[BUG] ColumnEnsembleClassifier fails fitting KNN classifiers
See original GitHub issueDescribe the bug I am trying to classify a multivariate dataset using a ColumnEnsembleClassifier. I use the same classifier for all dimensions. It fails to fit the dataset when I use KNN classifiers, but works when I use TimeSeriesForestClassifier.
I tried KNN with different metrics (‘msm, ‘dtw’ ‘euclidean’ -> imported from scipy’), all of them fail I tried it with AtrialFibrillation and BasicMotions datasets, it fails for both.
To Reproduce
from sktime.utils.data_io import load_from_arff_to_dataframe as load_arff
X_train, y_train = load_arff(path_to_dataset_TRAIN.arff')
from sktime.classification.compose import ColumnEnsembleClassifier
from sktime.classification.distance_based._time_series_neighbors import KNeighborsTimeSeriesClassifier
from sktime.classification.compose import TimeSeriesForestClassifier
########## This one works fine ##########
clf= ColumnEnsembleClassifier(estimators=[
('TSF_0',TimeSeriesForestClassifier(verbose=0,n_jobs=-1),[0]),
('TSF_1',TimeSeriesForestClassifier(verbose=0,n_jobs=-1),[1])
])
clf.fit(X_train, y_train)
ColumnEnsembleClassifier(estimators=[
('TSF_0',TimeSeriesForestClassifier(n_jobs=-1),[0]),
('TSF_1',TimeSeriesForestClassifier(n_jobs=-1),[1])
])
########## This one fails ##########
clf= ColumnEnsembleClassifier(estimators=[
('1NN-MSM_0', KNeighborsTimeSeriesClassifier(metric='msm'), [0]),
('1NN-MSM_1', KNeighborsTimeSeriesClassifier(metric='msm'), [1])
])
clf.fit(X_train, y_train)
---------------------------------------------------------------------------
ValueError Traceback (most recent call last)

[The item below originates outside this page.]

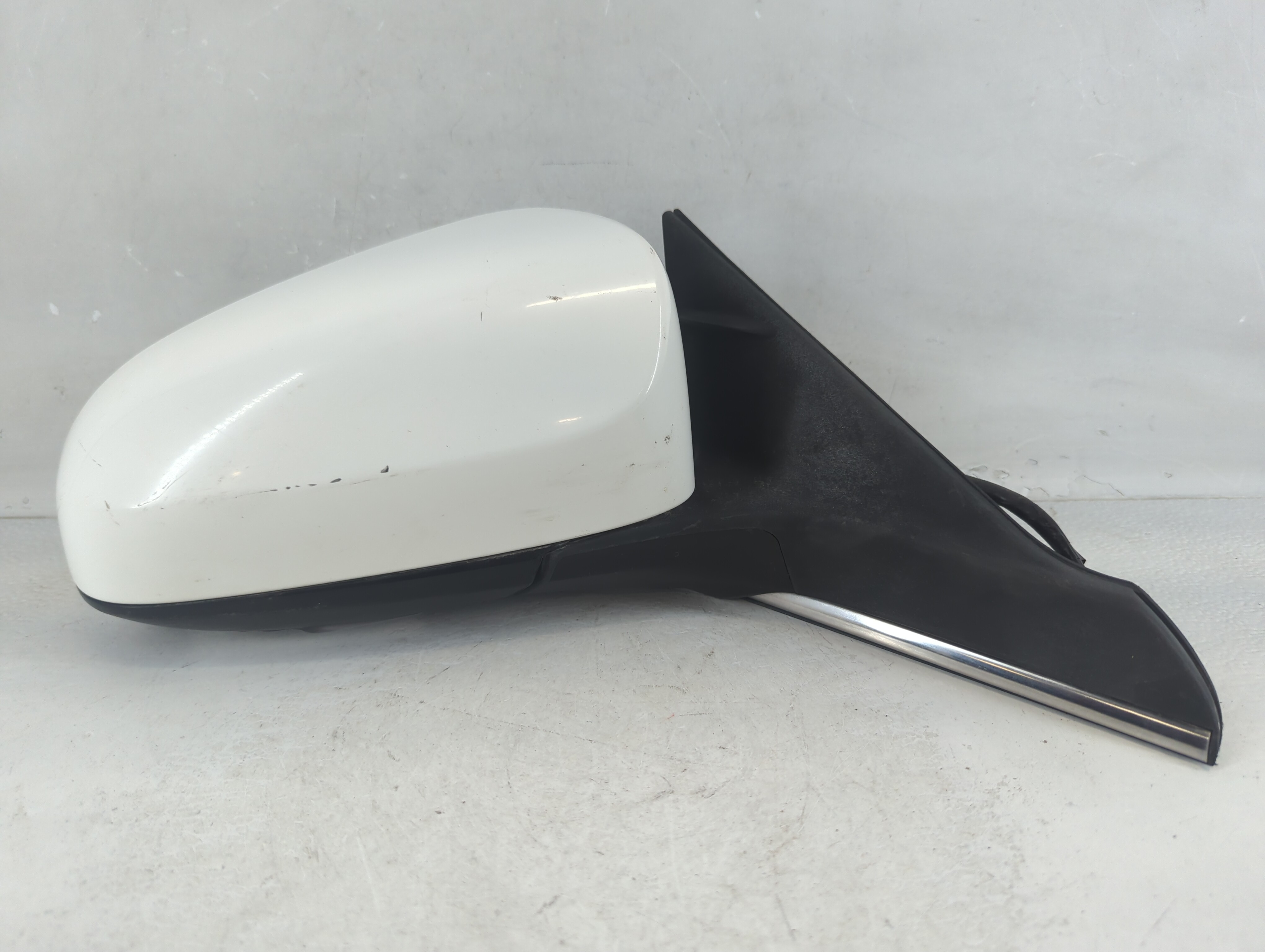 2015-2017 Toyota Camry Passenger Right Side View Power Door Mirror White 1048388 - Oemusedautoparts1.com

~\Desktop\OVGU\DKE Subjects\Master Thesis\Code\run.py in <module>
----> 1 clf.fit(X_train, y_train)
~\.virtualenvs\Code-OH4xsw-D\lib\site-packages\sktime\classification\compose\_column_ensemble.py in fit(self, X, y)
157 for name, estimator, column in self._iter(replace_strings=True):
158 estimator = clone(estimator)
--> 159 estimator.fit(_get_column(X, column), transformed_y)
160 estimators_.append((name, estimator, column))
161
~\.virtualenvs\Code-OH4xsw-D\lib\site-packages\sktime\classification\distance_based\_time_series_neighbors.py in fit(self, X, y)
243 check_array.__code__ = _check_array_ts.__code__
244
--> 245 fx = self._fit(X)
246
247 if hasattr(check_array, "__wrapped__"):
~\.virtualenvs\Code-OH4xsw-D\lib\site-packages\sklearn\neighbors\_base.py in _fit(self, X, y)
362 if not isinstance(X, (KDTree, BallTree, NeighborsBase)):
363 X, y = self._validate_data(X, y, accept_sparse="csr",
--> 364 multi_output=True)
365
366 if is_classifier(self):
~\.virtualenvs\Code-OH4xsw-D\lib\site-packages\sklearn\base.py in _validate_data(self, X, y, reset, validate_separately, **check_params)
413 if self._get_tags()['requires_y']:
414 raise ValueError(
--> 415 f"This {self.__class__.__name__} estimator "
416 f"requires y to be passed, but the target y is None."
417 )
ValueError: This KNeighborsTimeSeriesClassifier estimator requires y to be passed, but the target y is None.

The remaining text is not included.